Ausstellung "Goldrausch in Sachsen" vom 5.3. bis 30.09.2014 in Ehrenfriedersdorf
Im 19. Jahrhundert kam es auf verschiedenen Kontinenten zu Massenbewegungen von Menschen in die Gebiete großer Goldvorkommen. Dafür wurde der Begriff „Goldrausch“ geprägt. Beispiele hierfür sind der kalifornische Goldrausch im Jahr 1849 und der Goldrausch des Jahres 1897 am Klondike-River in Alaska. Auch heute führt der schwankende Goldpreis oft zu bedeutenden sozialen Veränderungen. So führt ein fallender Goldpreis in Südafrika zu einer starken Verarmung des von der Goldproduktion lebenden Bevölkerungsteils. Im brasilianischen Amazonasraum ist der Goldabbau mit schwerwiegenden sozialen und ökologischen Folgen verbunden. Bislang wurden weltweit schätzungsweise mehr als 100.000 t Gold gewonnen.

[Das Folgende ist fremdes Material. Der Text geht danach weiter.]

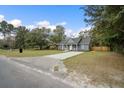 House with a wide driveway and a fenced backyard at 309 Meadow St, Walterboro, SC 29488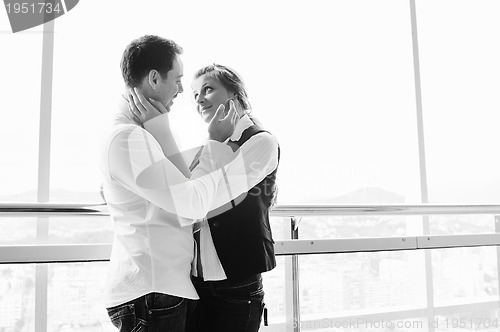 Image of romantic happpy couple on balcony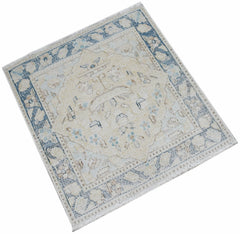 A mini vintage Persian Kerman rug featuring a central medallion and floral motifs in blue and beige.
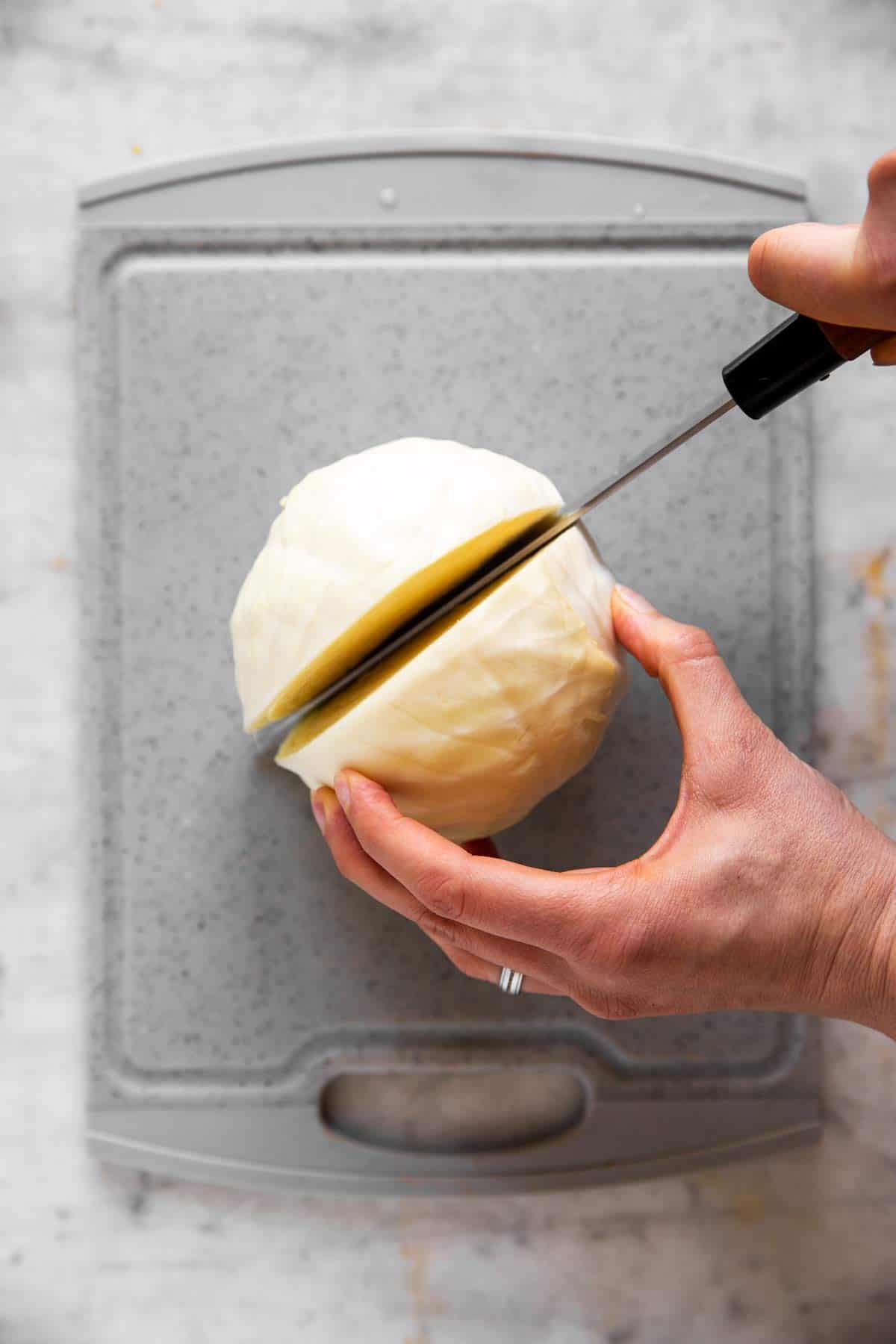 female hands cutting white cabbage in half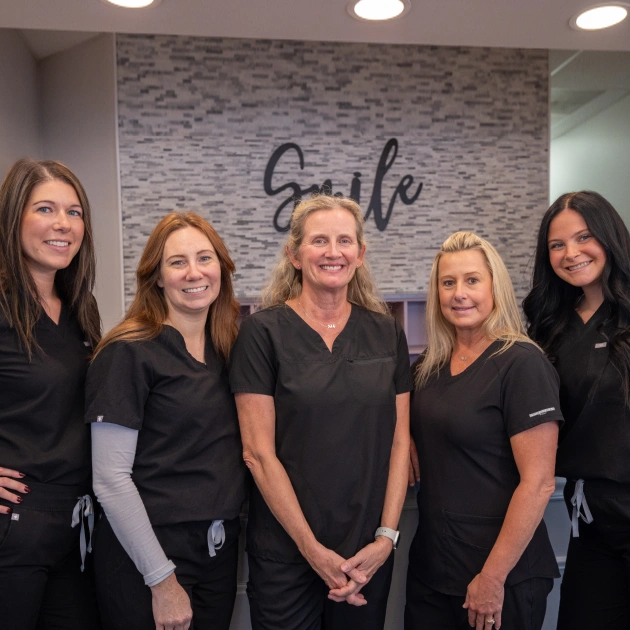 Five female dental professionals in black scrubs posing together in modern orthodontic office with "Smile" sign.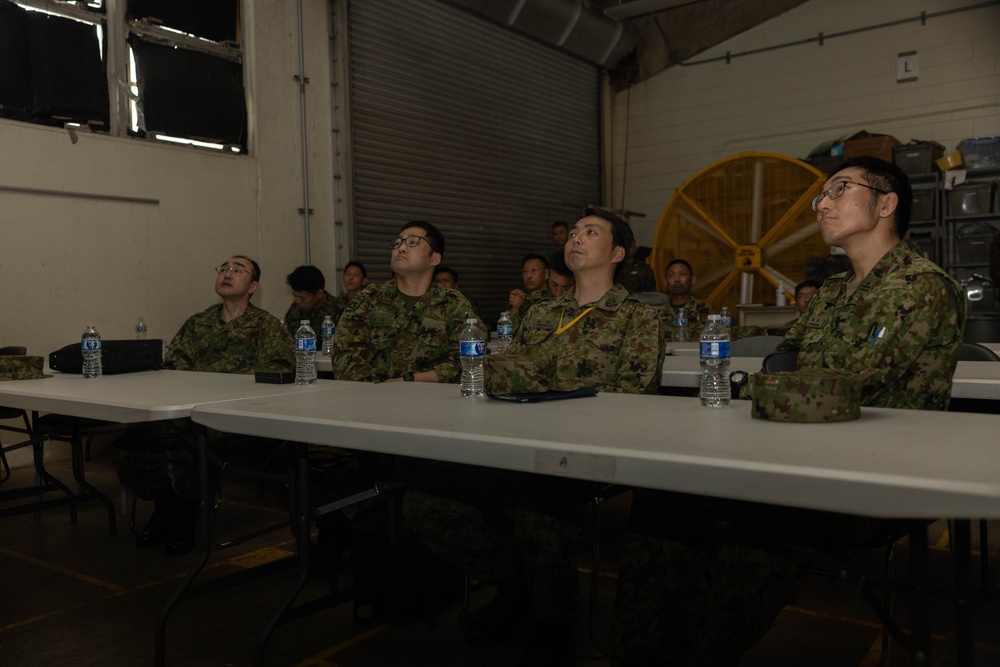 U.S. Navy Corpsman with 3rd Medical Battalion demonstrate a blood transfusion for the Japanese Ground Self Defense Force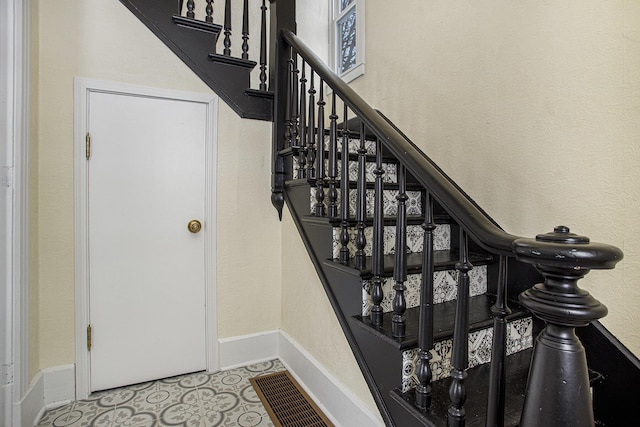 stairs featuring tile patterned flooring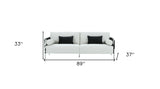 89" White Sofa And Toss Pillows With Silver Legs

Die Sonderausstellung wurde mit federführender Unterstützung des Hobbygoldwäschers Michael Pitschel aus Gelenau konzipert. Neben Texten, Bildern und Ausstellungsstücken wie z. B. einer Goldwaschrinne, einer Goldgräberschaufel, Goldwaschschüssel und einem Sieb alles im Eigenbau hat er auch winzige Goldflitter sogar aus der Zwickauer Mulde als Leihgabe zur Verfügung gestellt.
Bei der Goldsuche beruft sich der 50-Jährige neben Ortsbezeichnungen und Straßennamen auch auf Berichte früherer Fundstellen. Auch wenn der Hobbygoldwäscher, schon in der Zschopau bei Wolkenstein fündig wurde, sei der goldhaltigste Fluss in der Region das Schwarzwasser.
Die Sonderausstellung in der Zinngrube Ehrenfriedersdorf Besucherbergwerk ist bis 30.09.2014 geöffnet.